November 4, 2008

BETCHA BOTTOM DOLLAR:

2012? You Betcha!: And she’ll be a stronger candidate than you think. Does Sarah Palin have Reagan potential? (John Heilemann, Nov 2, 2008, New York Magazine)

Here in deep-blue Gotham, many people assume that her destiny is sealed: a one-way ticket back to Wasilla. But the truth is that Palin is likely to be a significant player on the national stage for years to come. As a galvanizing, maybe polarizing, figure in the conservative movement. As a folk hero on the talk-radio–Fox News right. And possibly, possibly, as the GOP front-runner in 2012.

That Palin in the final days of the campaign was already looking toward the next election cycle was glaringly evident—not least in some quarters inside McCain-land, where it caused no small degree of consternation. Her public (via Bill Kristol) challenging of McCain for not bringing up Barack Obama’s association with Jeremiah Wright, her objection to the campaign’s withdrawal from Michigan, her insistence on giving policy speeches during the home stretch, her loud and off-message effort to defend herself regarding her $150,000 wardrobe splurge: All of it seemed focused more on playing to the base or repairing her reputation than on helping McCain to win.

For a candidate whose public image has taken the battering that Palin’s has in the past two months, focusing on the post-election horizon seems both natural and drenched in chutzpah. But Palin surely knows that many prominent figures in the conservative movement—from Morton Blackwell to Brent Bozell—see in her the potential to emerge in time as a next-generation, XX-chromosome Ronald Reagan. Indeed, on November 5, an assemblage of the movement’s leaders will take place at a private weekend home in rural Virginia to begin discussing a way forward for the GOP in the age of Obama (if he wins, that is), with Palin’s role high on the agenda.

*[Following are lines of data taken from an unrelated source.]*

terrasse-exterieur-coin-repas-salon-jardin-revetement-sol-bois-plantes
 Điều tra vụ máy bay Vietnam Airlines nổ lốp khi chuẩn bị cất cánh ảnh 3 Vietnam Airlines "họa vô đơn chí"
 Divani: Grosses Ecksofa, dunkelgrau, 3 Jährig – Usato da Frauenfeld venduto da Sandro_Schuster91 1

The case for Palin as a conservative standard-bearer isn’t hard to discern. She has electrified the Republican grassroots as no candidate has in years. In their size and enthusiasm, the crowds that come to see her on the stump rival or even exceed those that greeted Obama a few years ago, when he first burst on the scene. Her charisma and performance skills, so dazzling when she made her debut in St. Paul, Minnesota, at the Republican convention, were vividly on display when I saw her in Erie. Again and again, she whipped the throng into a frenzy with her barbed attacks on Obama. Her command of right-wing dog-whistle rhetoric is total. Speaking of her devotion to helping special-needs children, she seamlessly inserted a coded pro-life appeal: “John [McCain] and I have a vision of America where every innocent life counts.”

The constituency to which Palin appeals is clear and well defined: populist conservatives of all stripes and Evangelicals in particular.


That's not a constituency, that's the base of the GOP. And the last two candidates with appeal to the base this strong were W and Ronald Reagan. She could only be stopped by someone with similarly strong appeal, which means only Jeb.